- Your assignment: Repeat every line of the data exactly; no picture belongs in the copy.
[Provided data Boundary: Start]
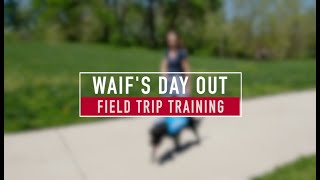 Wayside Waifs Field Trip Training Video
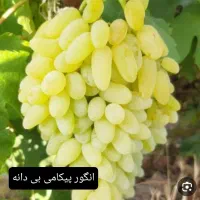 نهالستان ماهان نهال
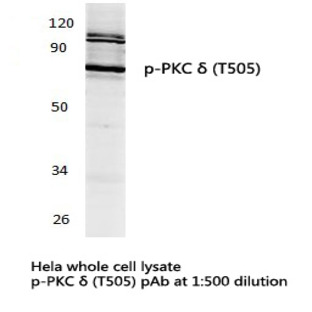 p-PKC (delta) (T505) pAb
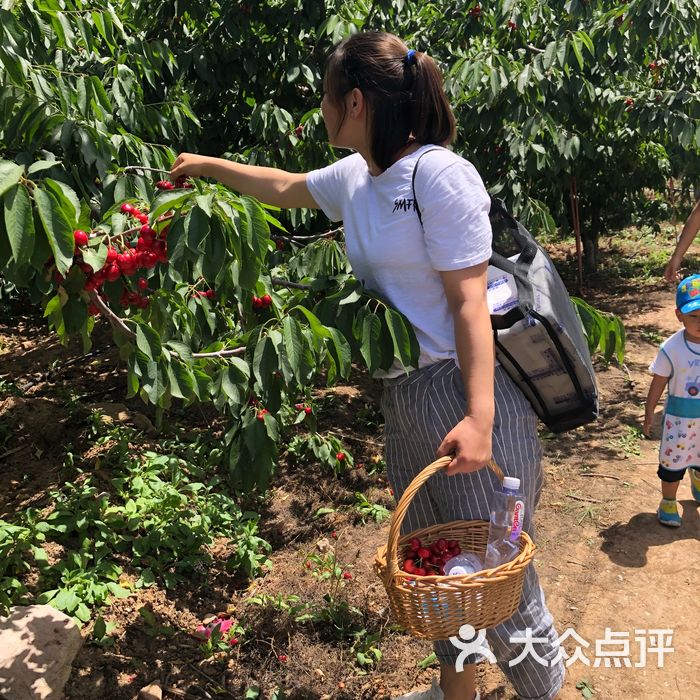 栗园庄南山樱桃采摘园图片-北京采摘/农家乐-大众点评网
[Provided data Boundary: End]
- Exercise output:
 Wayside Waifs Field Trip Training Video
 نهالستان ماهان نهال
 p-PKC (delta) (T505) pAb
 栗园庄南山樱桃采摘园图片-北京采摘/农家乐-大众点评网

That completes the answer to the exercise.